**WORK TASK**.
Every entry below is to be returned unchanged. Images are not part of the copy.

**Captioned web image data**.
━━━━━━━━━━━━━━━━━━━━━━━━━━━━━━

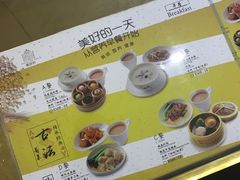 -葡珍轩冰室(虹桥机场T1店)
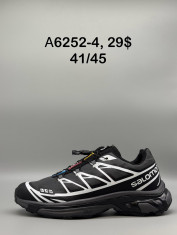 купить Supo(BRAND) A6252-4 оптом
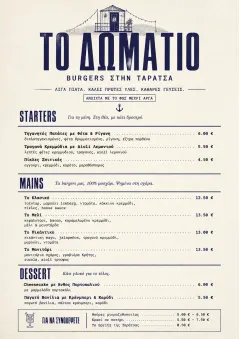 Chef Carte Brève menu template preview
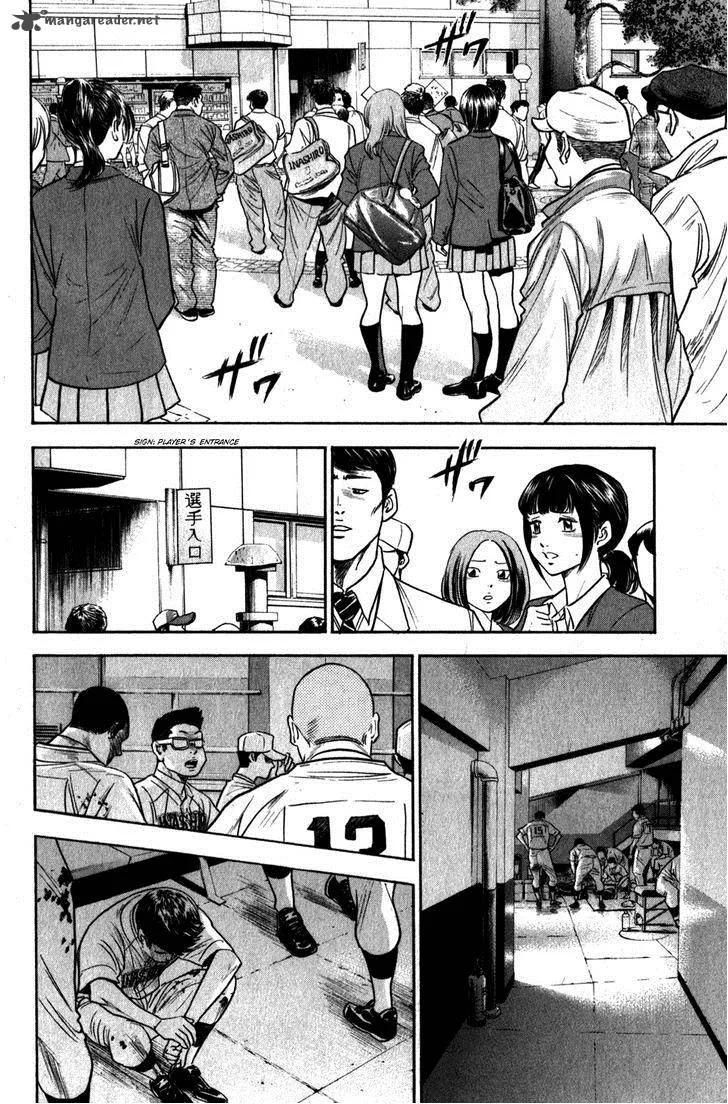 Diamond no Ace Chapter 270 page 3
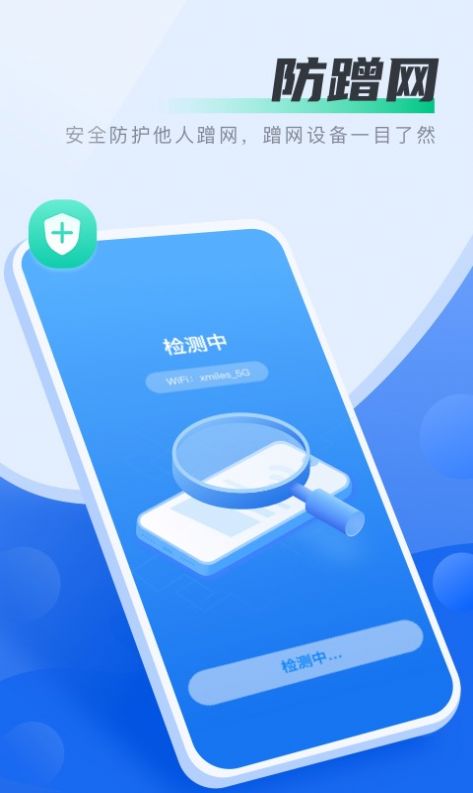 马上连WiFiv1.0.3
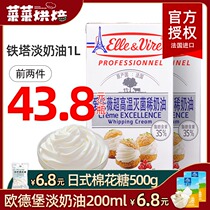 Tower light cream 1L household baking cake material animal fresh cream ice cream powder Special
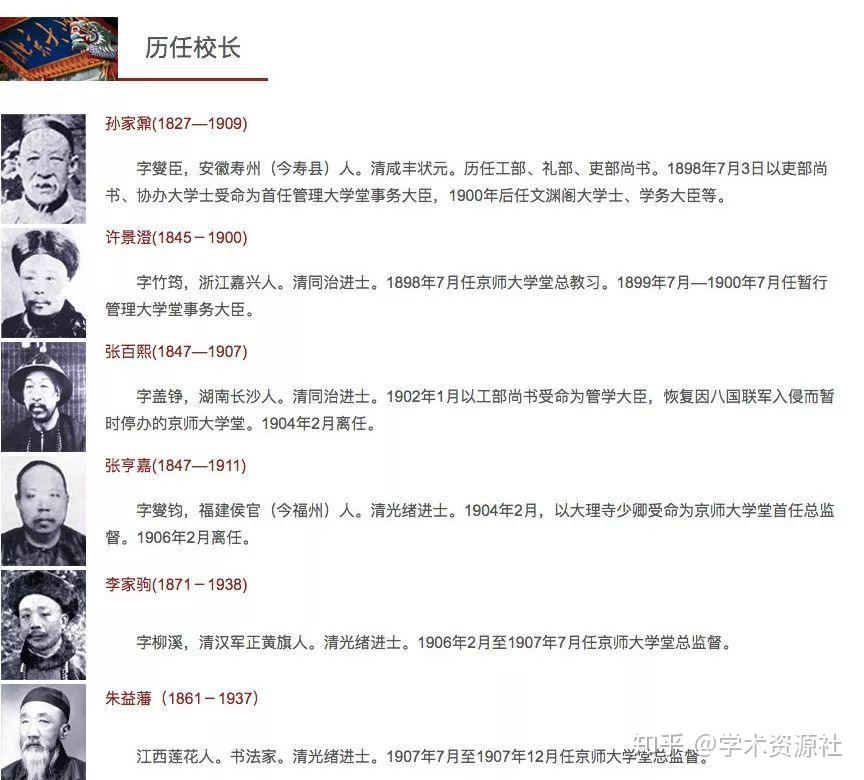 刚刚北大宣布换帅书记郝平改任校长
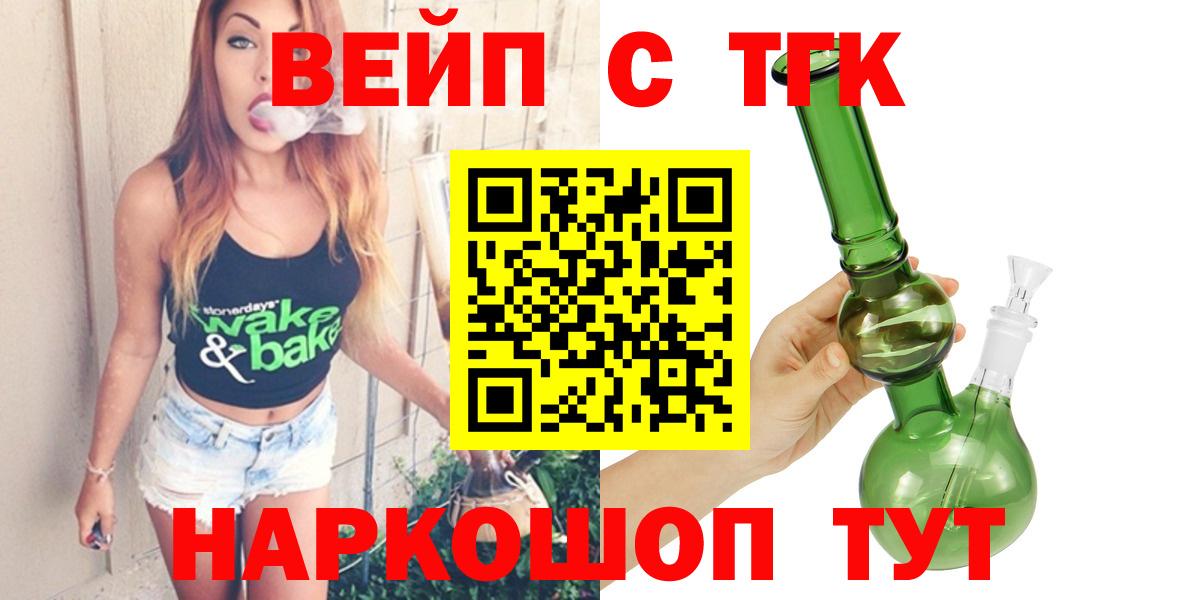 Дистиллят ТГК THC oil Елец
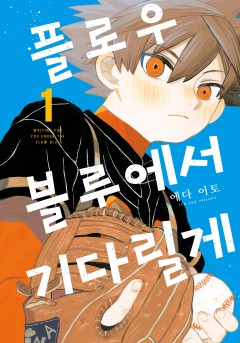 플로우 블루에서 기다릴게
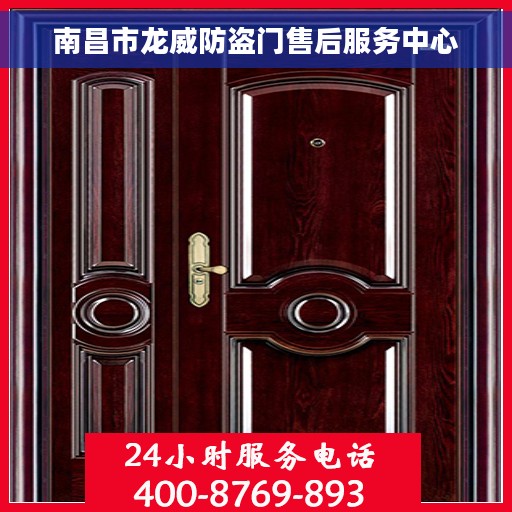 南昌市龙威防盗门售后服务中心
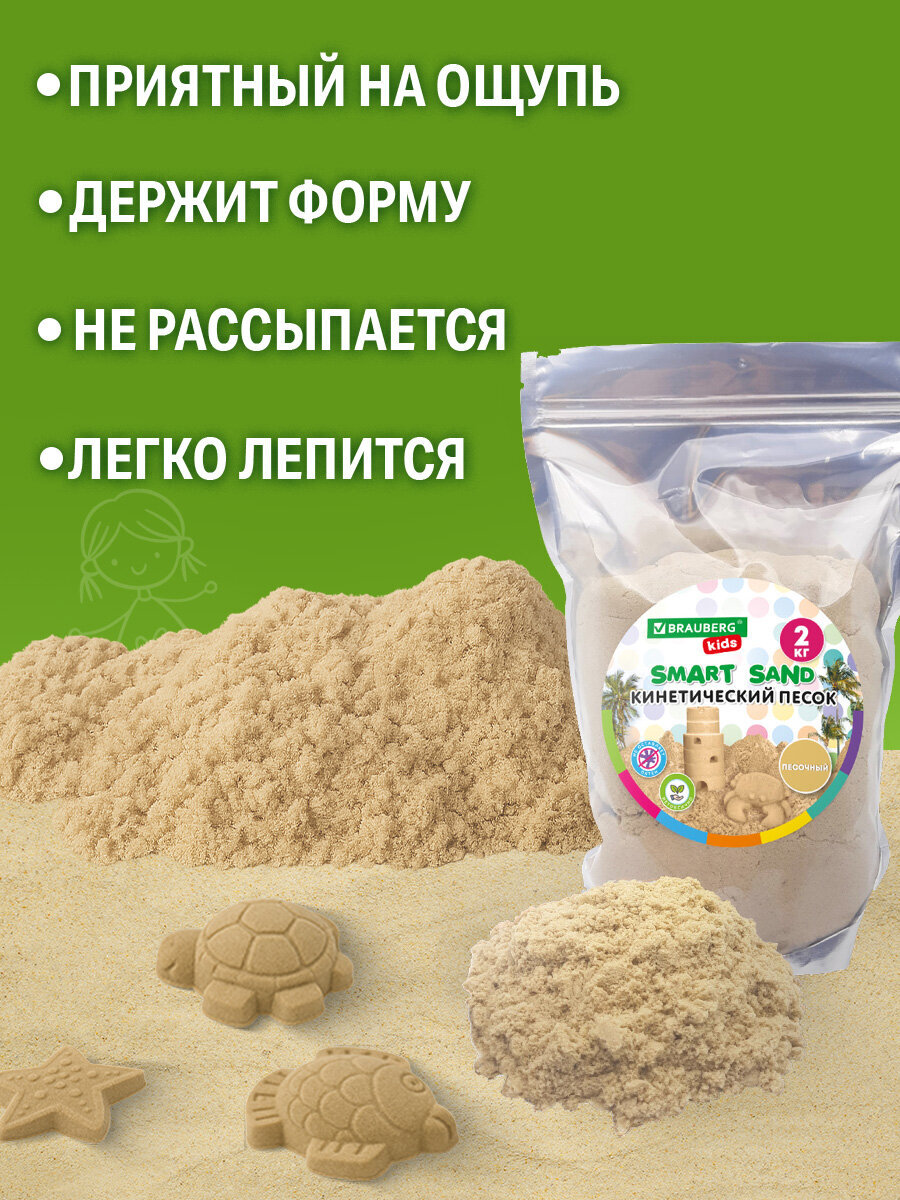 Кинетический песок Brauberg 2 кг - фото 2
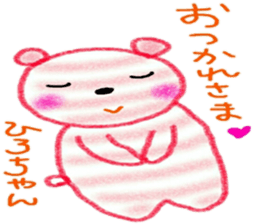 namae sticker  hiro sticker #10074760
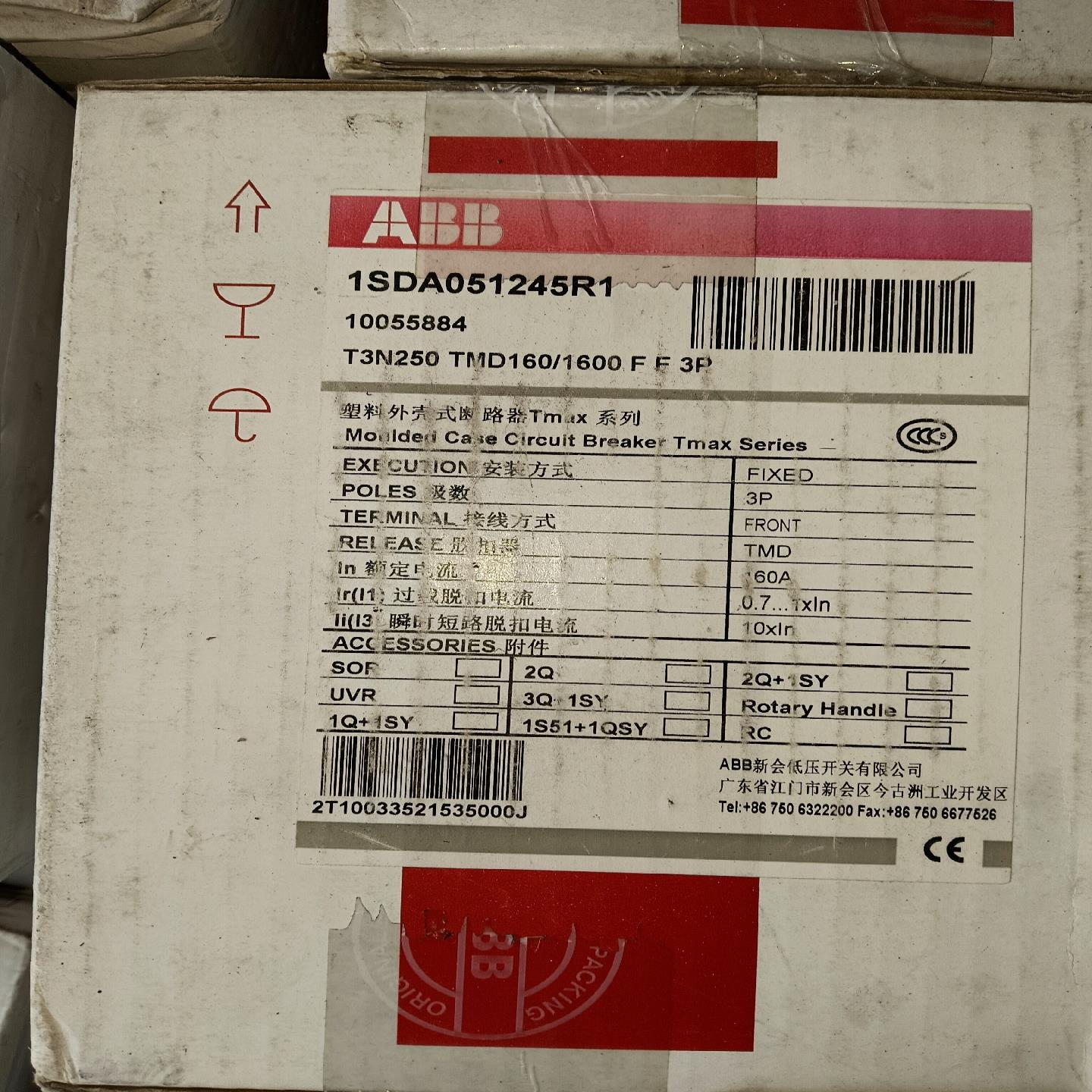 ABB塑壳断路器T3N250 TMD160/1600 F F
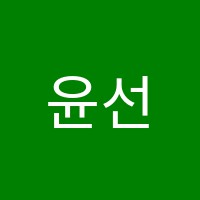 윤선생경산옥곡어학원 썸네일 이미지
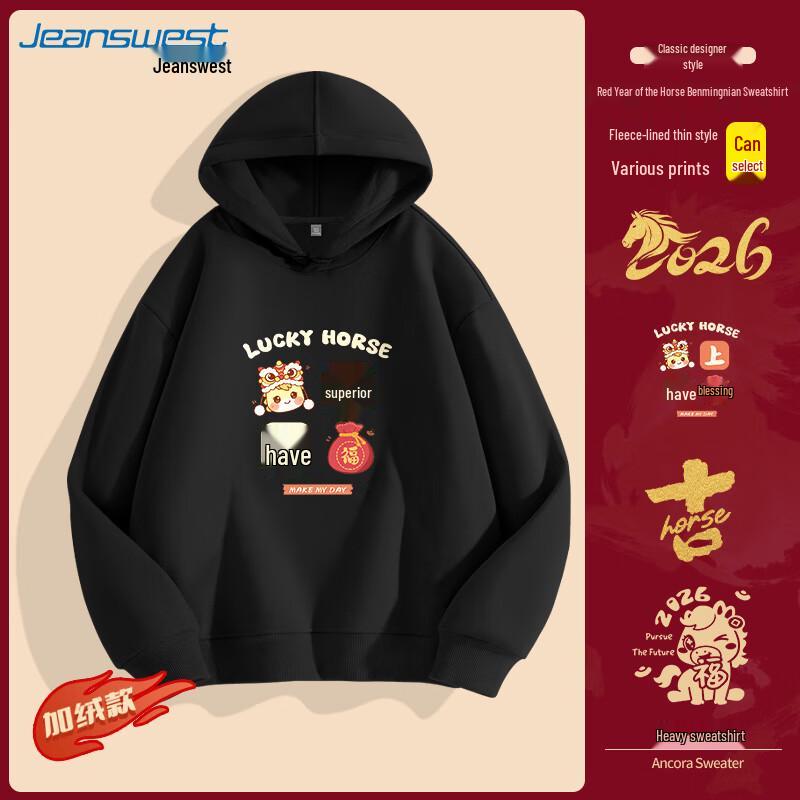 JEANSWEST Damen Verdicktes Kapuzen-Sweatshirt Sternzeichen Pferd Jahr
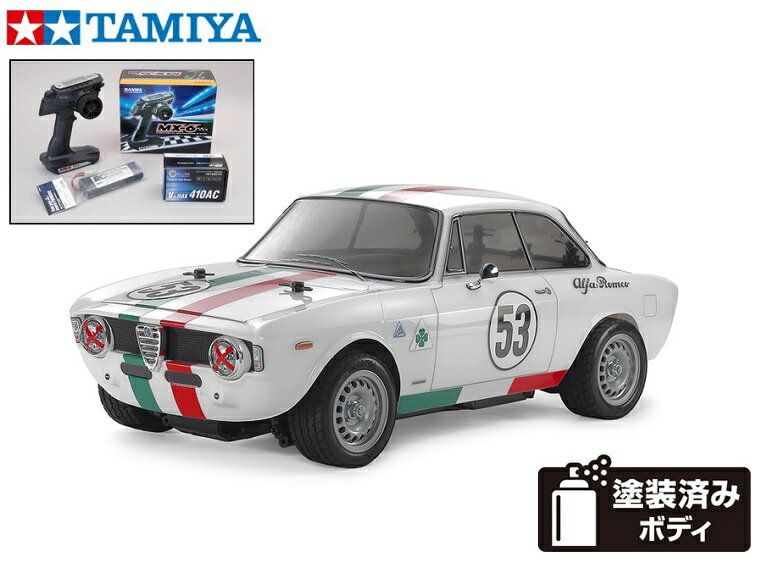 ！【TAMIYA/タミヤ】 58732 1/10 電動RC アルファロメオ ジュリア スプリント GTA クラブレーサー (MB-01シャーシ) 組立キット・サンワ：MX-6 BL-SIGMA コンピュータプロポ付フルセット+フルボールベアリングセット （未組立） ≪ラジコン≫のサムネイル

━━━━━━━━━━━━━━━━━━━━━━━━━━━━━━

**EXERCISE ANSWER**.
 -葡珍轩冰室(虹桥机场T1店)
 купить Supo(BRAND) A6252-4 оптом
 Chef Carte Brève menu template preview
 Diamond no Ace Chapter 270 page 3
 马上连WiFiv1.0.3
 Tower light cream 1L household baking cake material animal fresh cream ice cream powder Special
 刚刚北大宣布换帅书记郝平改任校长
 Дистиллят ТГК THC oil Елец
 플로우 블루에서 기다릴게
 南昌市龙威防盗门售后服务中心
 Кинетический песок Brauberg 2 кг - фото 2
 namae sticker  hiro sticker #10074760
 ABB塑壳断路器T3N250 TMD160/1600 F F
 윤선생경산옥곡어학원 썸네일 이미지
 JEANSWEST Damen Verdicktes Kapuzen-Sweatshirt Sternzeichen Pferd Jahr
 ！【TAMIYA/タミヤ】 58732 1/10 電動RC アルファロメオ ジュリア スプリント GTA クラブレーサー (MB-01シャーシ) 組立キット・サンワ：MX-6 BL-SIGMA コンピュータプロポ付フルセット+フルボールベアリングセット （未組立） ≪ラジコン≫のサムネイル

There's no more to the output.